Exercise objective :: Would you set down the data that follows, word for word, without any pictures?

Raw data ::
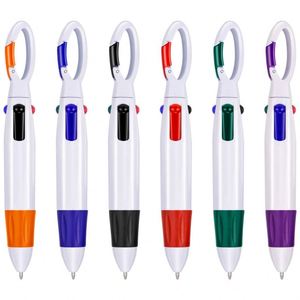 Bulk Promotional 4 Color Shuttle Pen With Carabiner Clip Personalized <b>Creative</b> <b>Gift</b> Pen for Company Anniversary Giveaway - Product Image 1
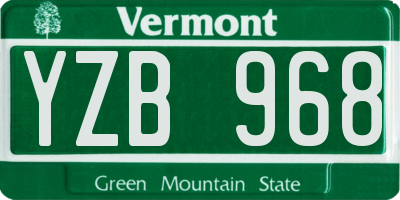 VT license plate YZB968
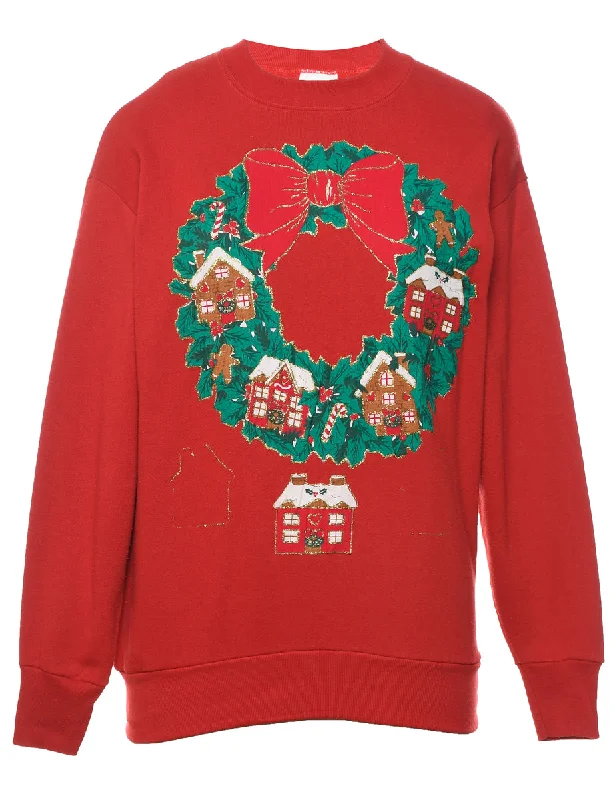 vintage coatRed Sparkly Wreath Christmas Sweatshirt - L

Response ::
 Bulk Promotional 4 Color Shuttle Pen With Carabiner Clip Personalized <b>Creative</b> <b>Gift</b> Pen for Company Anniversary Giveaway - Product Image 1
 VT license plate YZB968
 vintage coatRed Sparkly Wreath Christmas Sweatshirt - L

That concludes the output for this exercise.